Dialogue ne signifie pas relativisme, mais «logos» que l'on partage, raison qui s'offre dans l'amour, pour construire ensemble une réalité toujours plus libératrice. Dans ce cercle vertueux, le dialogue révèle la vérité, et la vérité se nourrit du dialogue. L'écoute attentive, le silence respectueux, l'empathie sincère, se mettre authentiquement à la disposition des étrangers et de l'autre, sont des vertus essentielles à cultiver et à transmettre dans le monde d'aujourd'hui. Dieu lui-même nous invite au dialogue, il nous appelle et nous invite à travers sa Parole, cette Parole qui a abandonné tout nid, tout abri, pour se faire homme (…).

La vérité ne se rencontre jamais seule. Avec elle, il y a la bonté et la beauté. Ou plutôt la Vérité est bonne et belle. ‘Une vérité qui n'est pas entièrement bonne cache toujours une bonté qui n'est pas vraie’, a dit un penseur argentin. J'insiste: les trois choses vont ensemble et il n'est pas possible de chercher ni de trouver l'une sans l'autre. Une réalité très différente de la simple ‘possession de la vérité’ revendiquée par les fondamentalismes: ceux-ci prennent toujours pour valides les formules en elles-mêmes et pour elles-mêmes, dépourvues de bonté et de beauté, et cherchent à s'imposer d'autres avec agressivité et violence, faisant le mal et conspirant contre la vie elle-même. »  Réf.
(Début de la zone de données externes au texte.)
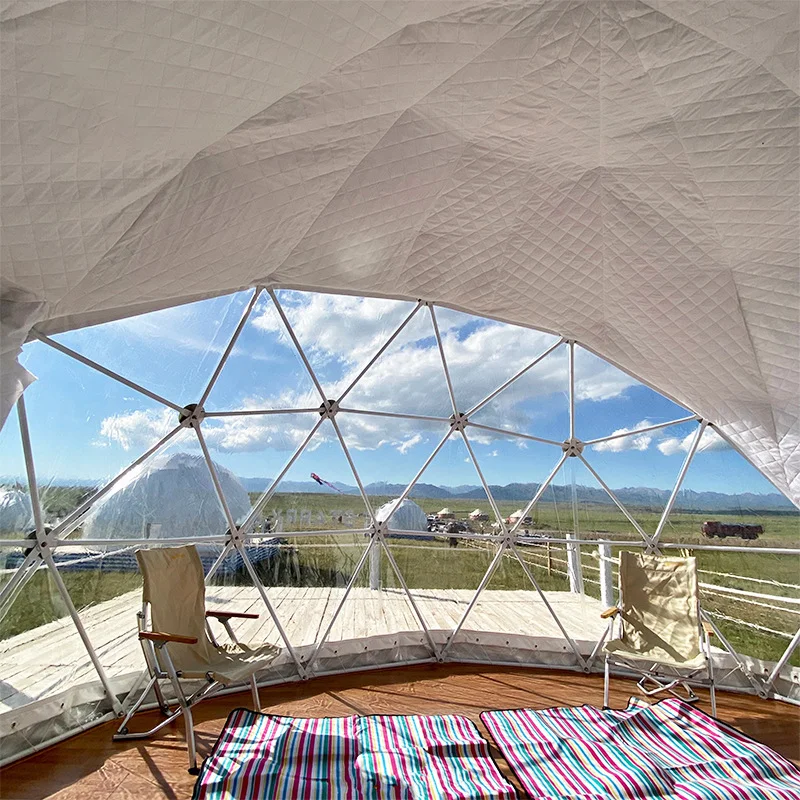 Outdoor exhibition dome transparent Starry roof tent aluminium alloy party tent hotels including weddings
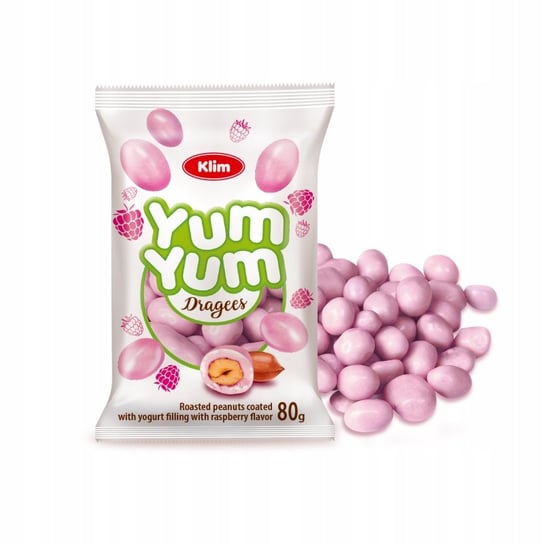 Draże w polewie jogurtowej "YUM-YUM" 80g Inny producent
Site web Benoît et moi, 07.05.2014

Posséder la Vérité ou se laisser habiter par Elle : le discernement est parfois bien difficile à faire. Il y a en effet beaucoup de fondamentalistes qui s’ignorent, y compris parmi ceux qui se déclarent perpétuellement en recherche…

JPSC

Commentaires

  • Il est vrai qu'aucun catholique ne possède la Vérité, il ne peut que la montrer aux autres, en la personne de Jésus. Le silence de Jésus, face à Pilate et à sa question, revenait peut-être à lui répondre : « Je t'en supplie, découvre la Vérité qui est devant toi ».
    .
    La Vérité sur Dieu et notre monde, sur le Créateur et sa Création, c'est Dieu Lui-même. L'homme qui prétendrait la posséder, comme simple créature, ne saurait pas ce qu'il dit. Comme catholiques, nous pouvons seulement professer que Jésus est Dieu incarné, et qu'il est Lui seul le Chemin, la Vérité et la Vie.